▶ [Information given]:

/---

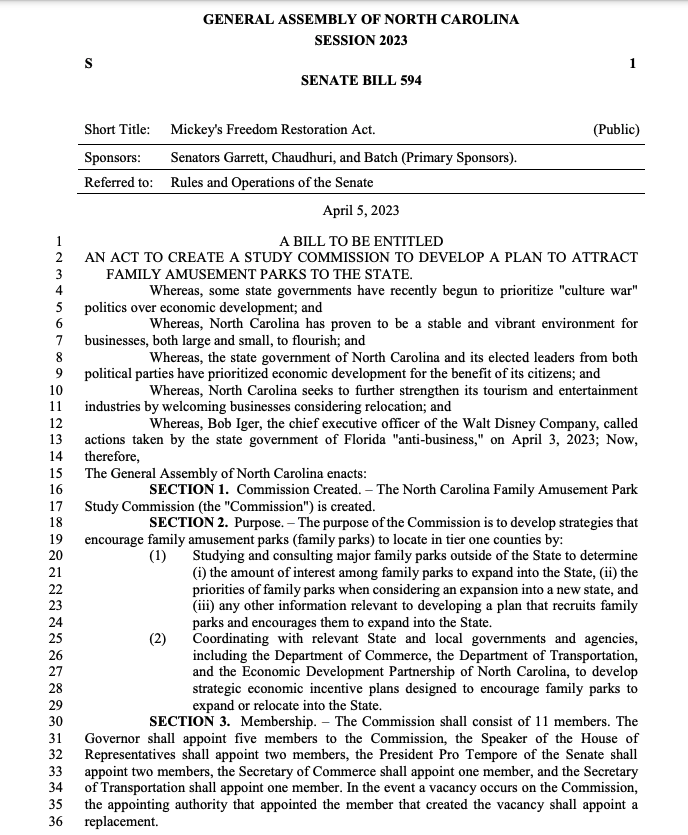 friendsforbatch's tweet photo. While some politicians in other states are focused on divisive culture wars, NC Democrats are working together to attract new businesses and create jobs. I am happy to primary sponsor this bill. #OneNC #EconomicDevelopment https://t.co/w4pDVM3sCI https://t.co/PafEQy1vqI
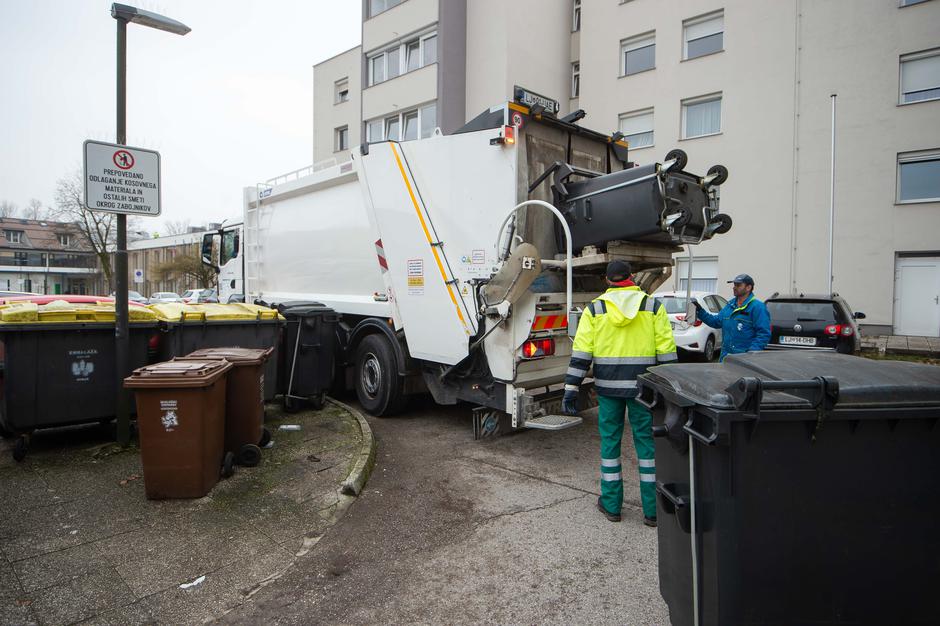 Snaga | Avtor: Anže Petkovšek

\---
/---

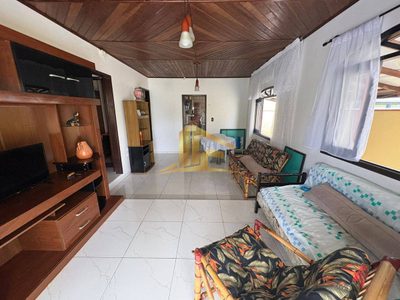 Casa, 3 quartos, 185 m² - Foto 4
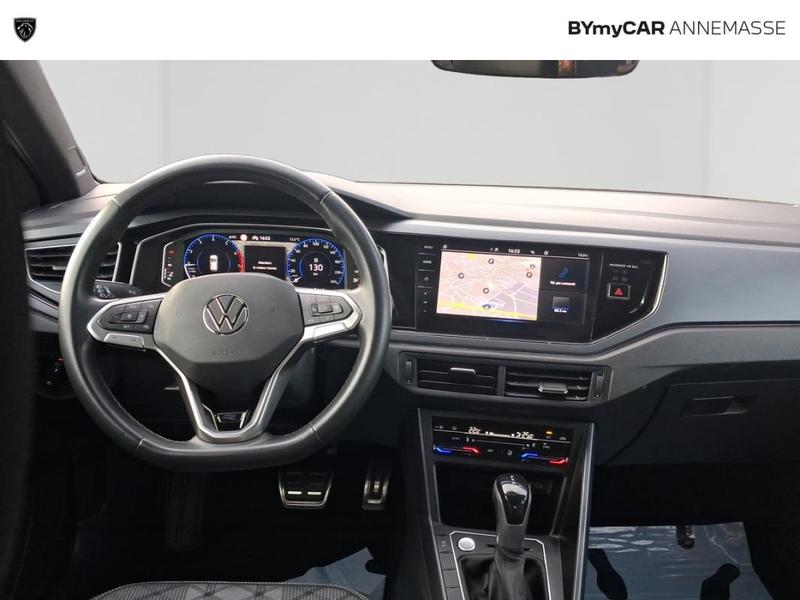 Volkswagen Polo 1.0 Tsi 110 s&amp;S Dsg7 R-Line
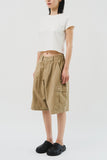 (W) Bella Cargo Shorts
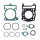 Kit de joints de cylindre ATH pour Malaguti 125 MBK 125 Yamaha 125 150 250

\---

▶ [Work task]:
In the entries above, find the line containing "Casa, 3 quartos, 185 m² - Foto 4" and the line containing "Kit de joints", then copy both and every line between them exactly, without any picture.

▶ [Answer for the task]:
 Casa, 3 quartos, 185 m² - Foto 4
 Volkswagen Polo 1.0 Tsi 110 s&amp;S Dsg7 R-Line
 (W) Bella Cargo Shorts
 Kit de joints de cylindre ATH pour Malaguti 125 MBK 125 Yamaha 125 150 250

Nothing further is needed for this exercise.